Wonderful list!! :clap: Such a great collection you have


----------



## NYEric (Dec 1, 2010)

HAHA! :rollhappy: It looks like my list. I'm surprised you don't have more of the Canadienne hybridizers plants!?


----------



## Shiva (Dec 1, 2010)

Eric! That's because I've just started on phrags. Two years ago I only had five.


----------



## Clark (Dec 1, 2010)

Nice list!
Has your Allison Strohm bloomed for you?


----------



## Shiva (Dec 1, 2010)

Clark! 
Allison hasn't flowered yet but it has a single fan about two feet wide. The plant is healthy and has a good flush of new roots. So I guess it should flower in the coming year. In fact none of my kovachii hybrids has flowered yet though I have a bud developping in one Fritz Schomburg.


----------



## NYEric (Dec 1, 2010)

Shiva said:


> Eric! That's because I've just started on phrags. Two years ago I only had five.



Addicted!


----------



## biothanasis (Dec 1, 2010)

This is a loooong list....!!!


----------



## Erythrone (Dec 1, 2010)

I want them all!!!


----------



## SlipperFan (Dec 1, 2010)

Shiva said:


> Eric! That's because I've just started on phrags. Two years ago I only had five.





NYEric said:


> Addicted!


And I thought I was bad since coming to this forum!

Beautiful list, Shiva!


----------



## Erythrone (Dec 1, 2010)

Shiva, did Autumn Fire, Ruby Slippers and Super Rubies ever bloomed?

I regret that I didn't buy Autumn Fire and Super Rubies when Jason Fischer came in Montreal. 

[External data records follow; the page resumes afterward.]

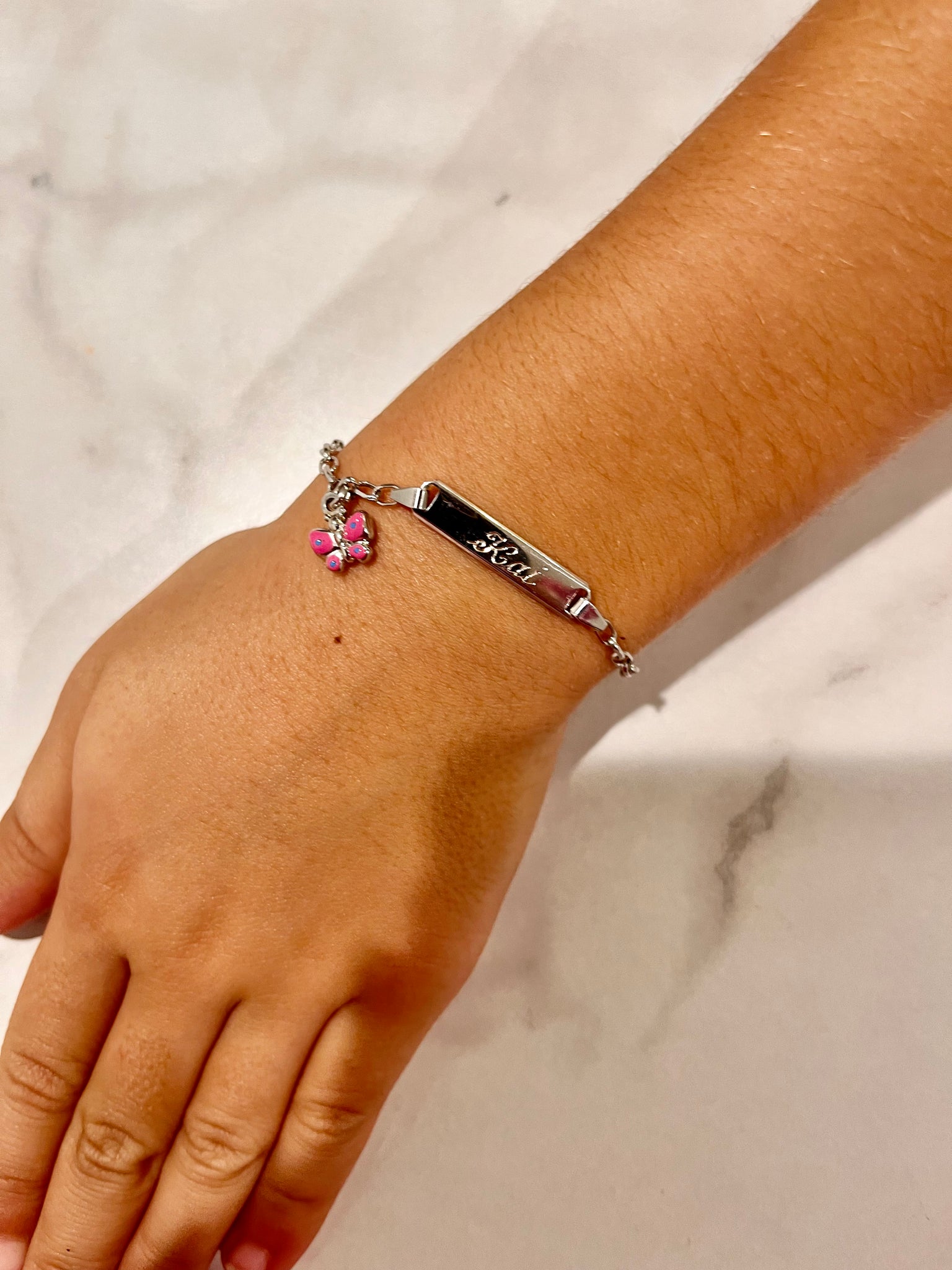 Kids Sterling Silver ID Nameplate Bracelet With Butterfly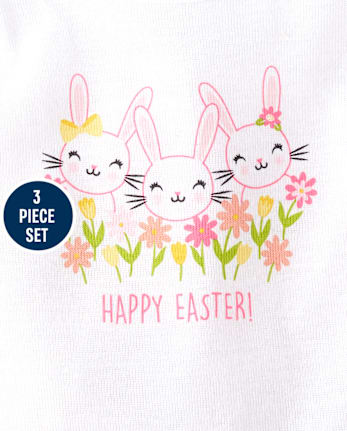 Ensemble de vêtements de jeu 3 pièces Bunny pour bébés filles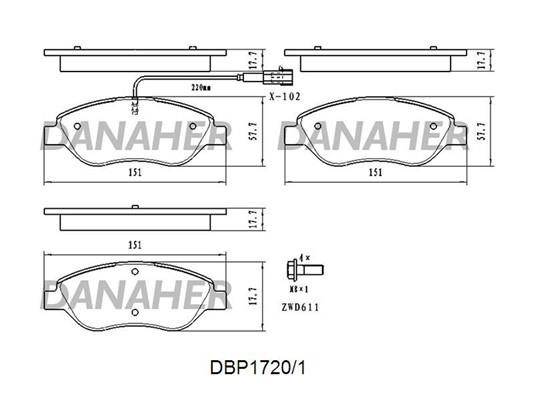 Danaher DBP1720/1 Гальмівні колодки, комплект DBP17201: Купити в Україні - Добра ціна на EXIST.UA!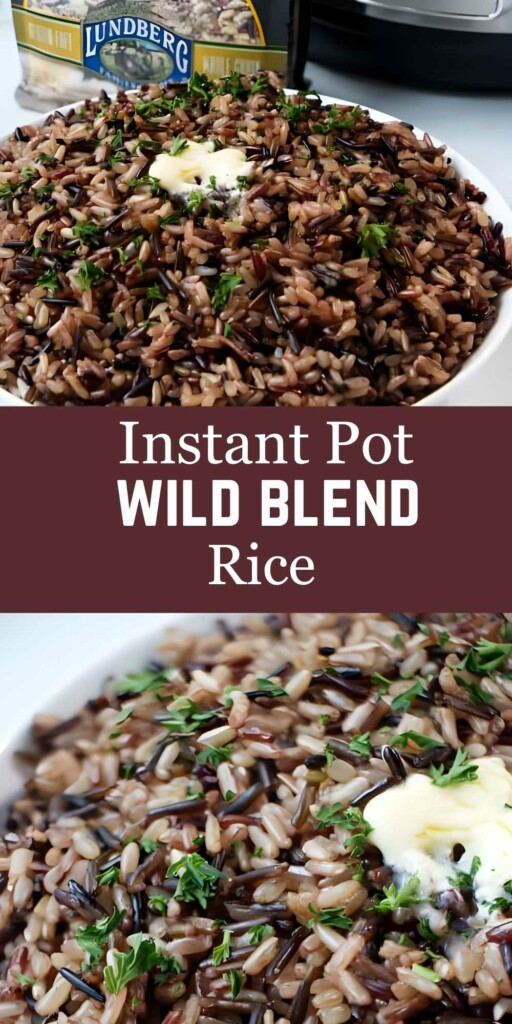 Bowl of wild blend rice with butter, parsley, and Lundberg package.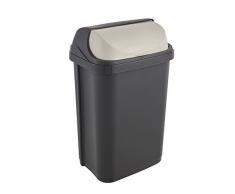 keeeper Abfallbehälter mit Rolldeckel, 25 l, Rasmus, Graphit Grau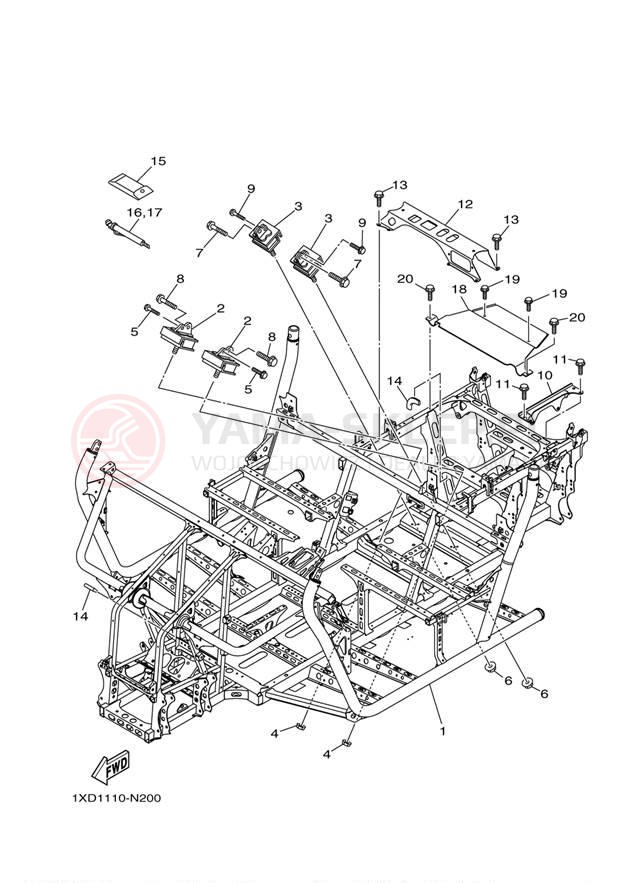 Schemat "rama" do Yamaha VIKING 700 YXM700DEL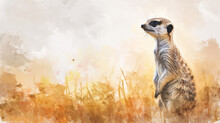 A Meerkat Stands In The Savannah , The Location On The Right Is A Profile View, Watercolor Style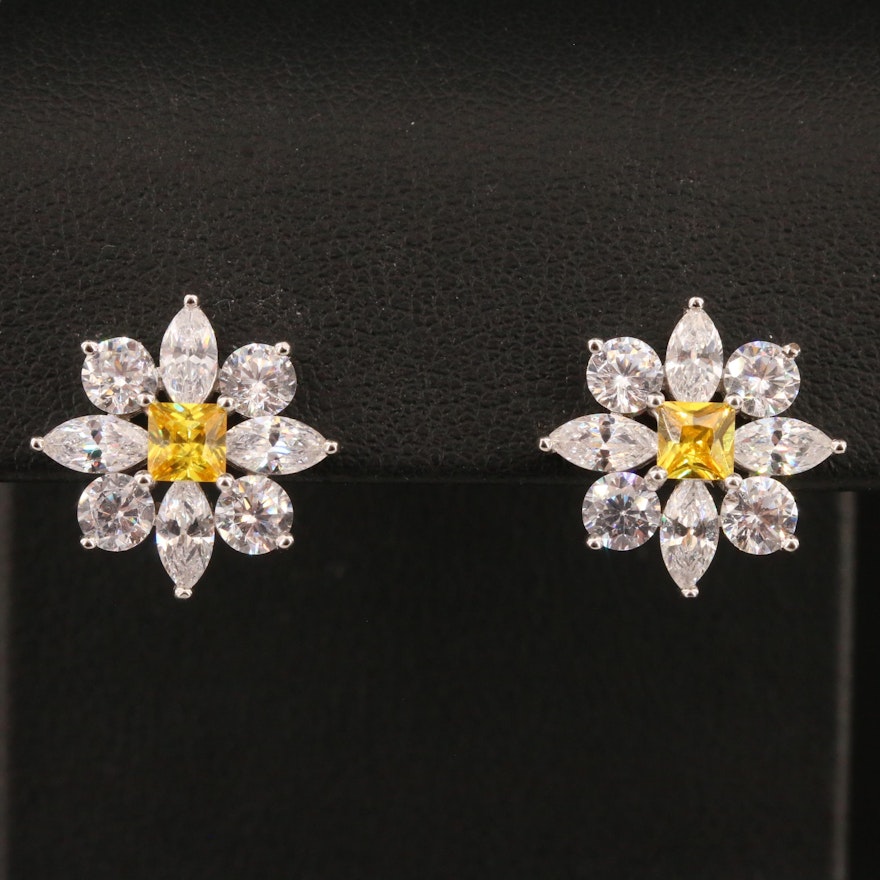 Sterling Silver Cubic Zirconia Floral Button Earrings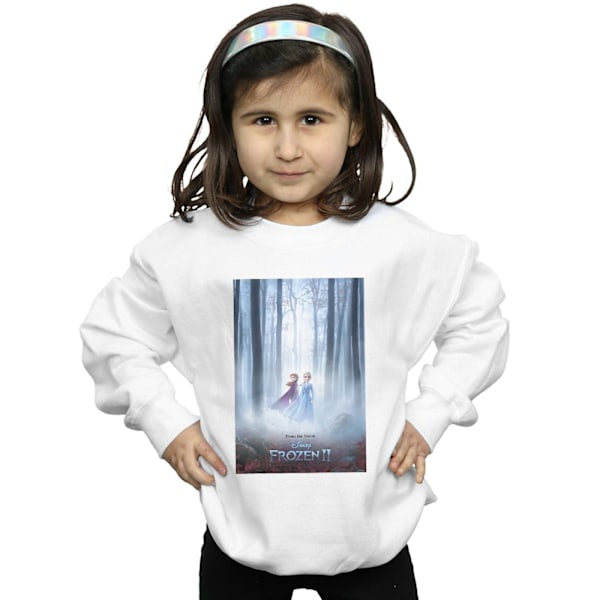 Disney Girls Frozen 2 Film Affisch Sweatshirt 7-8 År Vit White 7-8 Years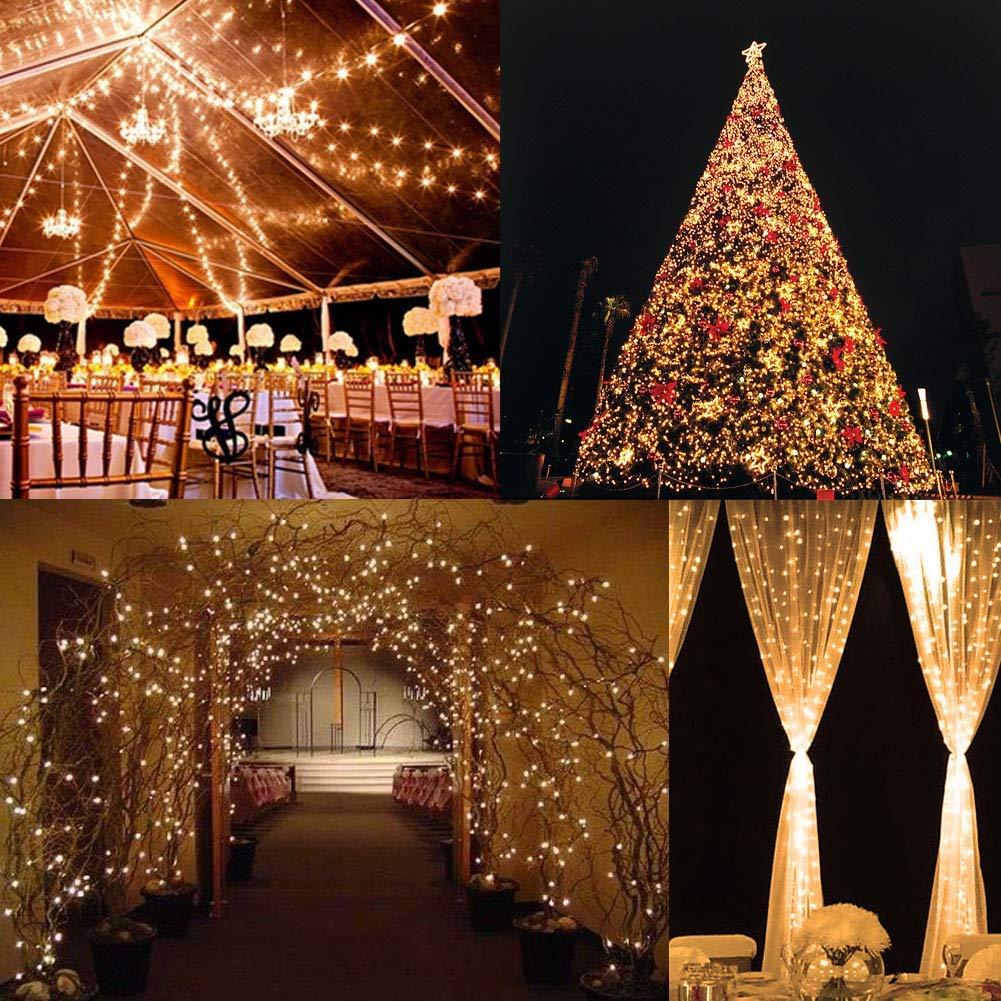2M x 2M LED Curtain Lights with Remote - 204 Warm White Waterproof Fairy Lights for Windows, Rooms, Christmas Gazebo & Backdrop Decor - Mains Powered Linkable Hanging Lights for Indoor/Outdoor Use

A yellow Mario Glanz is also on my wish list... And Iwonder why I didn't buy a Don Wimber yet! 

For the Phrag Jason Fischer you sold me: do you know the cultivar name of the parents?


----------



## Shiva (Dec 1, 2010)

Erythrone
Most of my phrags are still too small to flower. But the majority are growing well and many should flower in the coming year. I don't have the parents' cultivar name of your Jason Fischer. The sticker simply came as Jason Fischer.
As you can see in the list, I have 7 Don Wimber and so far three have flowered and one is flowering again right now and I have an extra division of this one. I hope to post the flower soon.


----------



## Erythrone (Dec 1, 2010)

Merci Michel!


----------



## JeanLux (Dec 2, 2010)

Om.. That's a list (within 2 years :drool: ) !!!! You are a busy buyer !!!! Jean

btw. this allowed me to update my phrag. hybrids excel sheet with Fairy-Tale pink from Jean-Pierre and Tracy Nelson (R.Stoddart); thanks for that
(if there is any interest please pm me)


----------



## jrfehon (Feb 5, 2011)

What a list! I have 11 phrags and have had trouble with blooming, in particular with my caudatum phrags. I have five of them, they're all blooming size, but none have rebloomed since I purchased them in 2009. They get plenty of good rain water, air circulation, and temps of 60 at night and 75 during the day. Any tips for me on what I might be doing wrong?


----------



## NYEric (Feb 5, 2011)

Show us photos of the plants in their growing area.


----------



## Hera (Feb 5, 2011)

NYEric said:


> Show us photos of the plants in their growing area.



Yes please!!


----------



## John M (Feb 5, 2011)

Wow, Shiva! That's a nice collection you've got! You have very good Phrag. taste! : )


----------



## koshki (Feb 25, 2011)

Shiva said:


> ...I've just started on phrags. Two years ago I only had five.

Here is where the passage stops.